No sanction for Northampton sets poor precedent

Date published: December 23 2016

Despite new directives and a thorough investigation, it feels like rugby has faced a crossroads on concussion and set off down the wrong path.

George North will not play on Friday against Sale and in an affair that has been consistently met with raised eyebrows this is the most sensible decision yet.

Northampton have not been sanctioned despite their player returning to the field having suffered a concussion. That incident happened in the 17th minute after a mid-air collision with Leicester’s Adam Thompstone. And North went on to play the full 80 minutes.

Were this any player then there should be outrage. The game on the verge of 2017 is unrecognisable from a decade ago with the current focus on player safety and concussion, designed to prevent incidents such as these from occuring.

But North is a special case, a player who has now suffered four concussions before his 25th birthday, the third of which caused him to take a break from the sport for months.

Concussion for any player should be met with caution.
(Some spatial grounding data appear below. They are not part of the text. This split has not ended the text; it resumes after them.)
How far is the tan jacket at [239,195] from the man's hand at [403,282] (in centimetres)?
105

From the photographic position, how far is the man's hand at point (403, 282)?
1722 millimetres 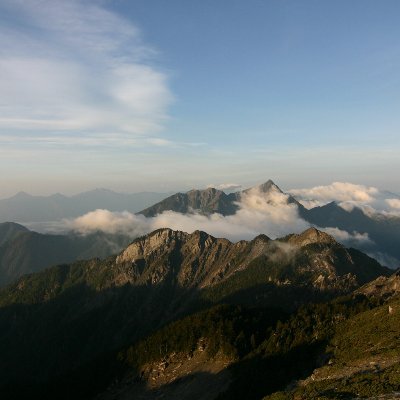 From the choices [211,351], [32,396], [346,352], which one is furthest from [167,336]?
[346,352]

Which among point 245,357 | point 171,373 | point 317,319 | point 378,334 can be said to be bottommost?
point 171,373

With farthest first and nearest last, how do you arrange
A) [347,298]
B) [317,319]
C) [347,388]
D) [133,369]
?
[347,298], [133,369], [317,319], [347,388]

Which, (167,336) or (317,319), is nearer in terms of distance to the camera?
(317,319)

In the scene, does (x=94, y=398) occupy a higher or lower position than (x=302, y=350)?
lower

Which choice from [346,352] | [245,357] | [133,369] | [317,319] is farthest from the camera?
[133,369]

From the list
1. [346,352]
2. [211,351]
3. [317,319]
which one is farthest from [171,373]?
[346,352]

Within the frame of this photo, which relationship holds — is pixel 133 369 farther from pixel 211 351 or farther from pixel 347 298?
pixel 347 298

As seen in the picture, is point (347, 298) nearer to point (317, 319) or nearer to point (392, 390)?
point (317, 319)

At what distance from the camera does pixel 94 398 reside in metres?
135

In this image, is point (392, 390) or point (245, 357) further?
point (245, 357)

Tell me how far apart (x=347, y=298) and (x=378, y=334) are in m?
76.7

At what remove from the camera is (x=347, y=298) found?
161125mm

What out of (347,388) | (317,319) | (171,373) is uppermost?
(347,388)

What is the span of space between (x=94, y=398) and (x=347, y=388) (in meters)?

Any slight suggestion of one for North, given the effects multiple blows to the head can have and his history, deserves to be met with paranoia.

This is not an attack on Northampton’s medical staff. Mistakes happen, even potentially alarming ones as in this case. Neither their integrity and professionalism are being questioned.

There is a difference however between accepting human error, and avoiding punishment entirely. Ask the players who attend modern rugby’s multiple disciplinary hearings per week.

Concussions however cannot afford to be missed, either generally or absolutely in the case of players like North. And for that reason Northampton Saints should have been fined. Setting a precedent in the process.

North’s concussion at Leicester felt alarmingly obvious to all those with or without a medical background who saw it.

It was a gut-check moment. One where you trust your eyes first. He was out cold. And on he played, with Northampton’s original defence suggesting that there was a lack of video footage.

At a time when strong messages are being sent through suspensions for various offences, and with the introduction of new ‘reckless’ and ‘accidental’ tackle laws from January 3, the lack of a punishment here feels out of place.

The message it sends is hard to stomach, and not off-set by the introduction of those nine new directives.

Should another team find themselves in this position in the future they will point to Northampton missing a concussion, yet the lack of any sanction, as how they should be treated.

A murky situation when a firm hand was required. None of it sits well.